Moreover, indexing with op_type=create (See `Elasticsearch indexing '<https://www.elastic.co/guide/en/elasticsearch/reference/current/docs-index_.html#operation-type>`_ ) require a Cassandra PAXOS transaction to check if the document exists in the underlying datacenter. This comes with useless performance cost if you use automatic generated document ID (See Automatic ID generation. ), as this ID will be the Cassandra primary key.

Depending on op_type and document ID, CQL requests are issued as follow when indexing with the Elasticsearch API :

op_type Generated ID Provided ID Comment
create INSERT INTO … VALUES(…) INSERT INTO … VALUES(…) IF NOT EXISTS (1) Index a new document.
index INSERT INTO … VALUES(…) DELETE FROM … WHERE … INSERT INTO … VALUES(…) Replace a document that may already exists

(1) The IF NOT EXISTS comes with the cost of the PAXOS transaction.
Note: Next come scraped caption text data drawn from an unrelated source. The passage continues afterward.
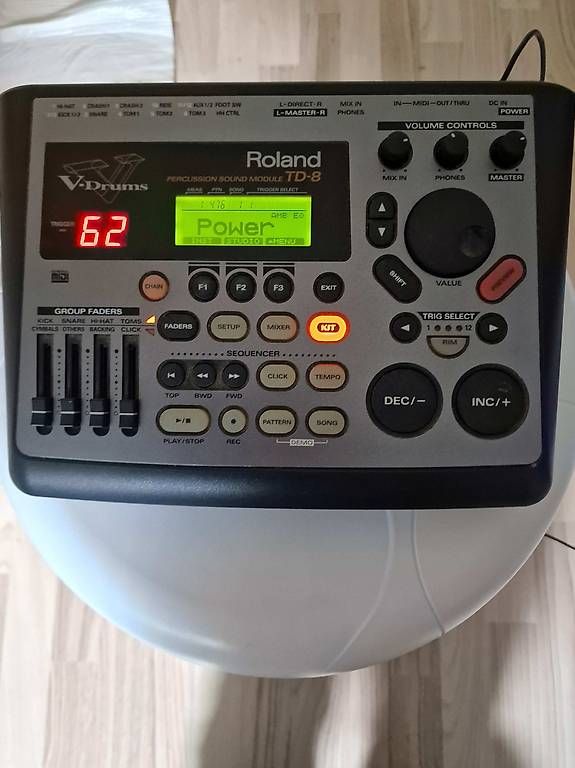 Strumenti musicali: Für E-Drummer: Roland TD-8 – Usato da Gerlafingen venduto da Gandalf266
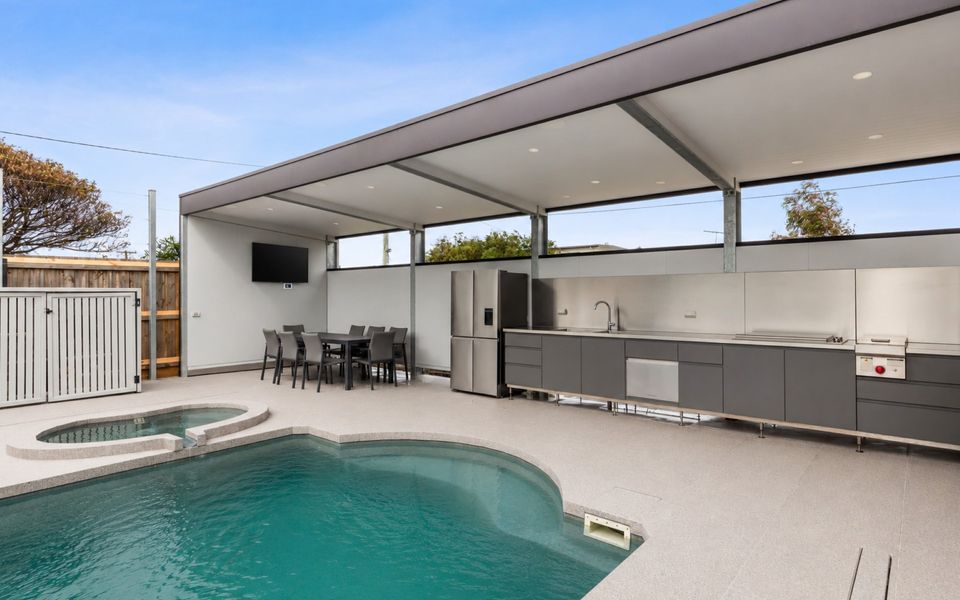 Portarlington Beach Retreat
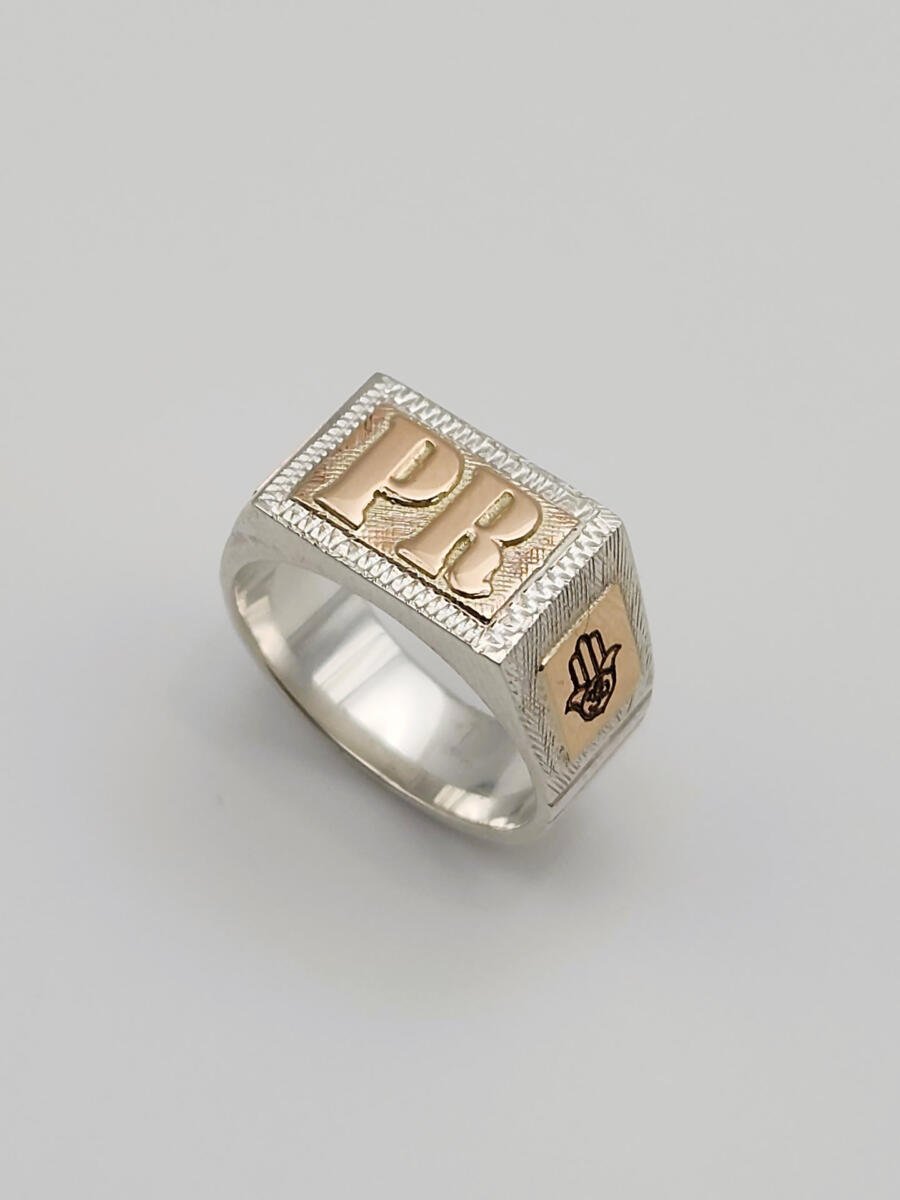 Anillo sello ‘Iniciales Eternas’ — Classic, Premium & Royal - Imagen 11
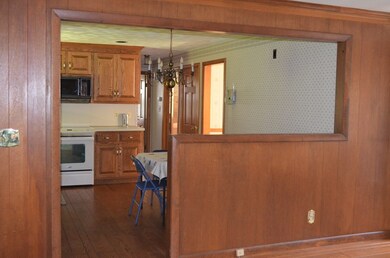 10 Raymond Dr, Wilbraham, MA 01095 - photo 5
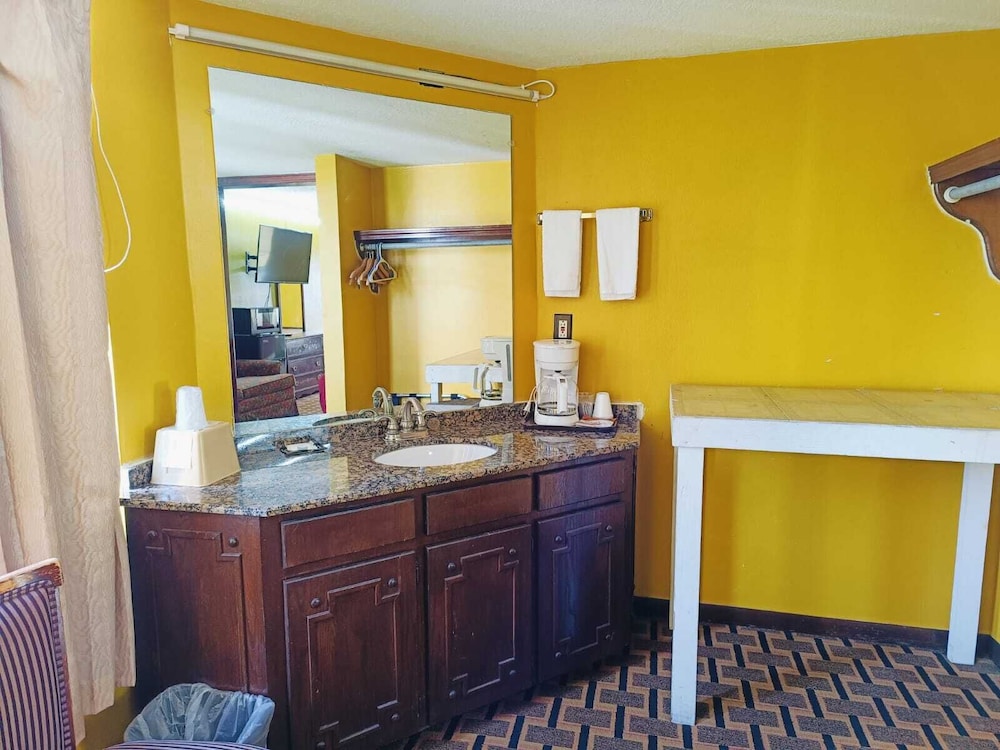 Victorian Inn 26/27
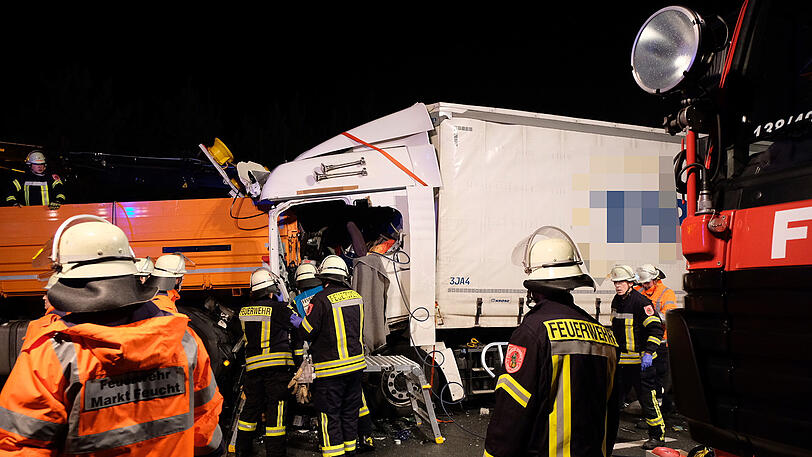 Die Fahrerkabine des Lkw wurde eingedrückt - der Fahrer kam mit lebensgefährlichen Verletzungen ins Krankenhaus.
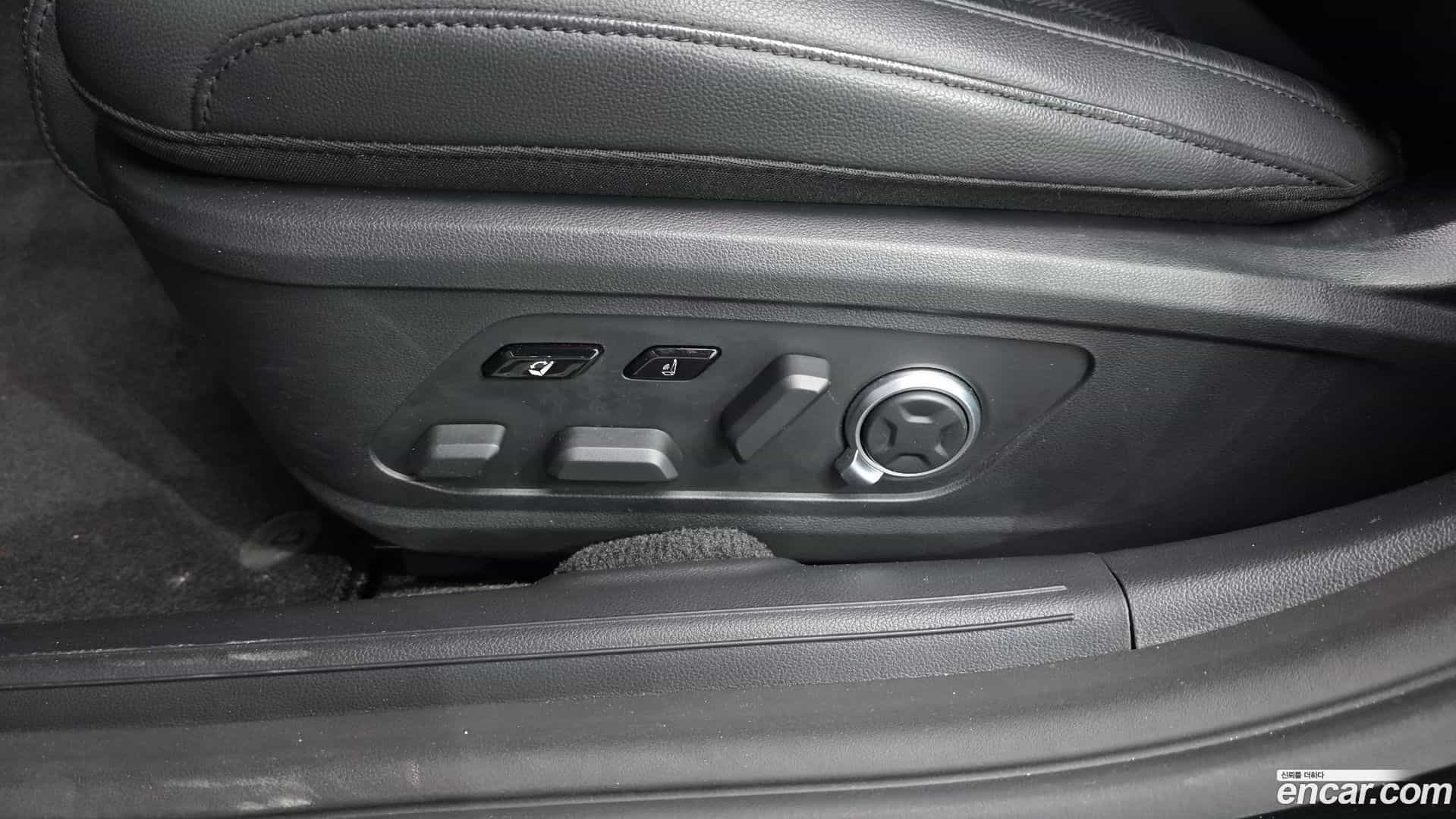 Grandeur Hyundai 2023.1-OPTION-044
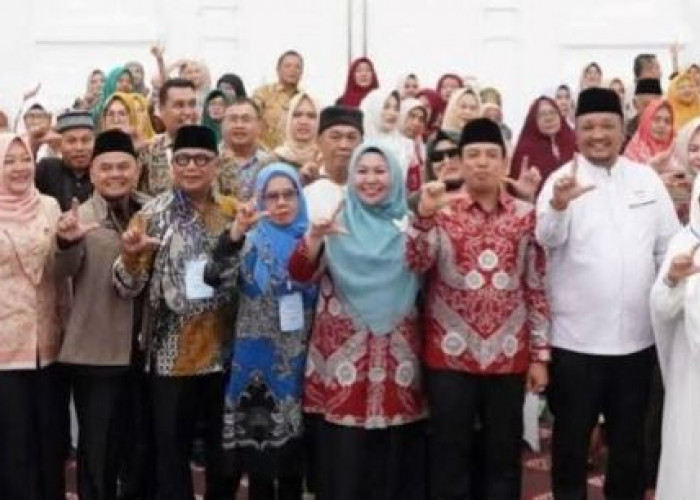 Walikota dan Wakil Walikota Bengkulu Resmikan Sekolah Lansia di Balai Kota Merah Putih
If you don’t need to check the uniqueness of the provided ID, add parameter check_unique_id=false.

GETing

Now, let’s see if the information was added by GETting it:

curl -XGET 'http://localhost:9200/twitter/user/kimchy?pretty=true'
curl -XGET 'http://localhost:9200/twitter/tweet/1?pretty=true'
curl -XGET 'http://localhost:9200/twitter/tweet/2?pretty=true'

Elasticsearch state now show reflect the new twitter index. Because we are currently running on one node, the token_ranges routing attribute match 100% of the ring from Long.MIN_VALUE to Long.MAX_VALUE.

curl -XGET 'http://localhost:9200/_cluster/state/?pretty=true'
{
  "cluster_name" : "Test Cluster",
  "version" : 5,
  "master_node" : "74ae1629-0149-4e65-b790-cd25c7406675",
  "blocks" : { },
  "nodes" : {
    "74ae1629-0149-4e65-b790-cd25c7406675" : {
      "name" : "localhost",
      "status" : "ALIVE",
      "transport_address" : "inet[localhost/127.0.0.1:9300]",
      "attributes" : {
        "data" : "true",
        "rack" : "RAC1",
        "data_center" : "DC1",
        "master" : "true"
      }
    }
  },
  "metadata" : {
    "version" : 3,
    "uuid" : "74ae1629-0149-4e65-b790-cd25c7406675",
    "templates" : { },
    "indices" : {
      "twitter" : {
        "state" : "open",
        "settings" : {
          "index" : {
            "creation_date" : "1440659762584",
            "uuid" : "fyqNMDfnRgeRE9KgTqxFWw",
            "number_of_replicas" : "1",
            "number_of_shards" : "1",
            "version" : {
              "created" : "1050299"
            }
          }
        },
        "mappings" : {
          "user" : {
            "properties" : {
              "name" : {
                "type" : "string"
              }
            }
          },
          "tweet" : {
            "properties" : {
              "message" : {
                "type" : "string"
              },
              "postDate" : {
                "format" : "dateOptionalTime",
                "type" : "date"
              },
              "user" : {
                "type" : "string"
              }
            }
          }
        },
        "aliases" : [ ]
      }
    }
  },
  "routing_table" : {
    "indices" : {
      "twitter" : {
        "shards" : {
          "0" : [ {
            "state" : "STARTED",
            "primary" : true,
            "node" : "74ae1629-0149-4e65-b790-cd25c7406675",
            "token_ranges" : [ "(-9223372036854775808,9223372036854775807]" ],
            "shard" : 0,
            "index" : "twitter"
          } ]
        }
      }
    }
  },
  "routing_nodes" : {
    "unassigned" : [ ],
    "nodes" : {
      "74ae1629-0149-4e65-b790-cd25c7406675" : [ {
        "state" : "STARTED",
        "primary" : true,
        "node" : "74ae1629-0149-4e65-b790-cd25c7406675",
        "token_ranges" : [ "(-9223372036854775808,9223372036854775807]" ],
        "shard" : 0,
        "index" : "twitter"
      } ]
    }
  },
  "allocations" : [ ]
}

Updates

In Cassandra, an update is an upsert operation (if the row does not exists, it’s an insert). As Elasticsearch, Elassandra issue a GET operation before any update. Then, to keep the same semantic as Elasticsearch, update operations are converted to upsert with the ALL consistency level. Thus, later get operations are consistent. (You should consider CQL UPDATE operation to avoid this performance cost)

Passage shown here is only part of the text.